==== DATA BLOCK

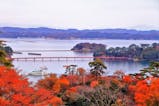 松島の絶景と、秋の味覚を堪能するグルメ旅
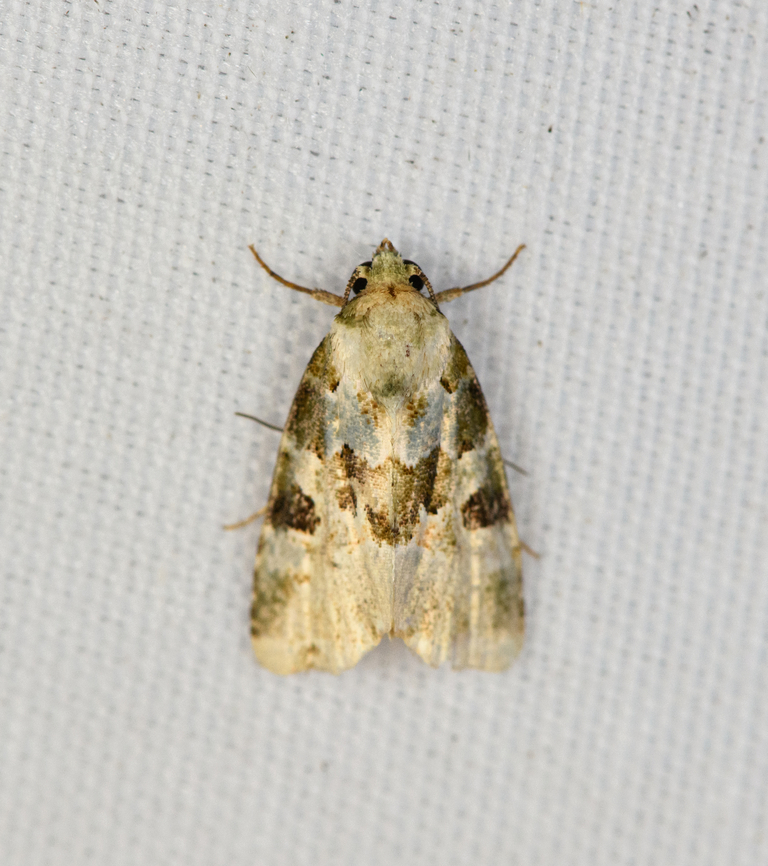 Small Moth, Minggre, Arfak Mountains, Papua  Arfak Mountains,Australia (continent),Geotagged,Indonesia,Minggre,New Guinea,Papua,Papua 2023,Spring,Vogelkop,West Papua,Western New Guinea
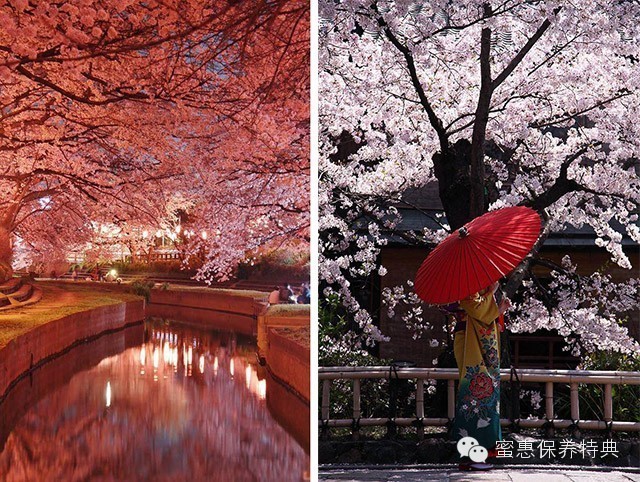 春季限定三月樱花白,3月粉色樱花系列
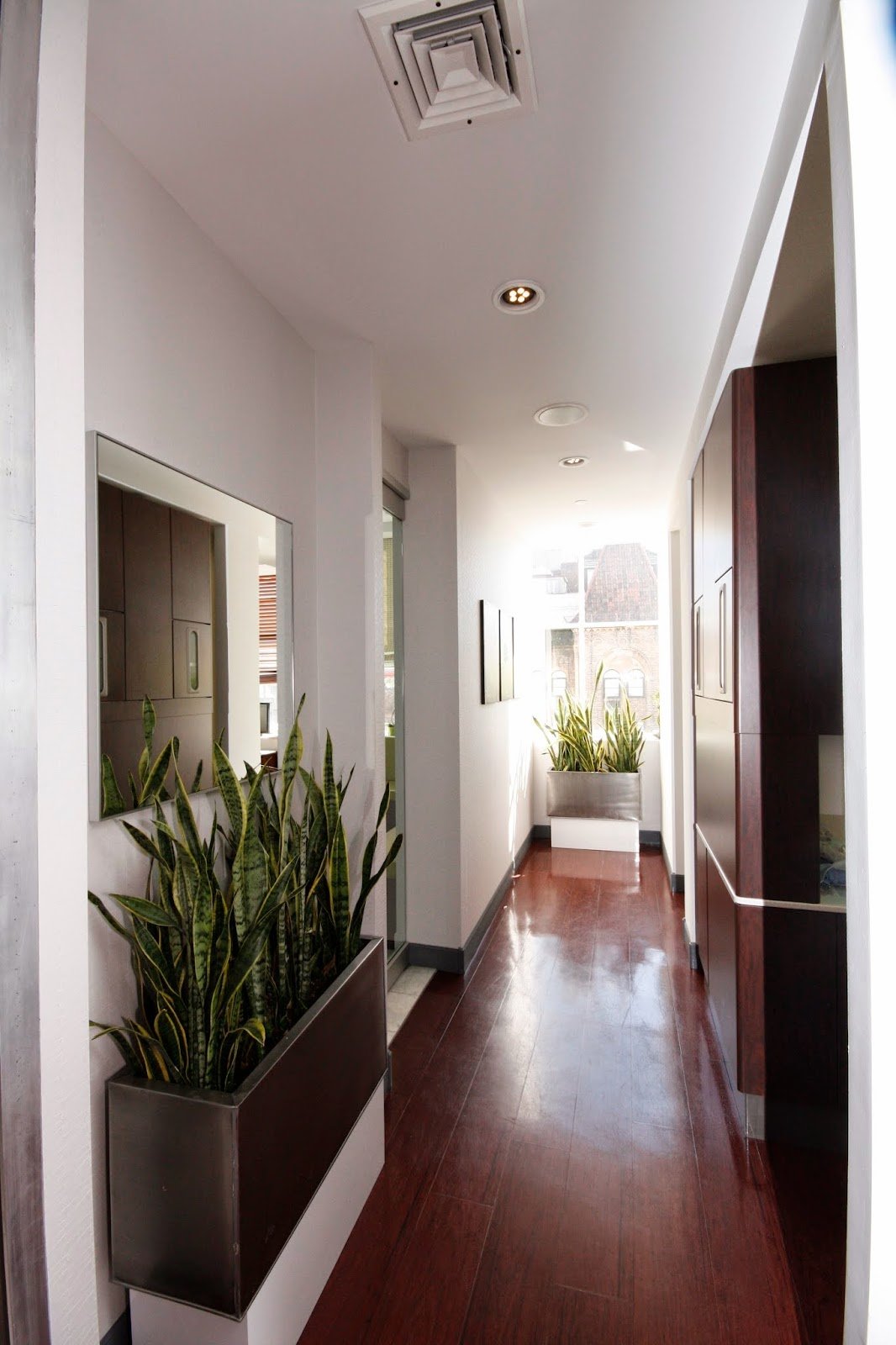 Dental365 CitiDentalGroup photo 5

========

TASK INSTRUCTIONS:
Here the job is to quote the lines from the one with "春季限定三月樱花白,3月粉色樱花系列" through the end of the material, both included, exactly; please skip the pictures.

OUTPUT OF THE TASK:
 春季限定三月樱花白,3月粉色樱花系列
 Dental365 CitiDentalGroup photo 5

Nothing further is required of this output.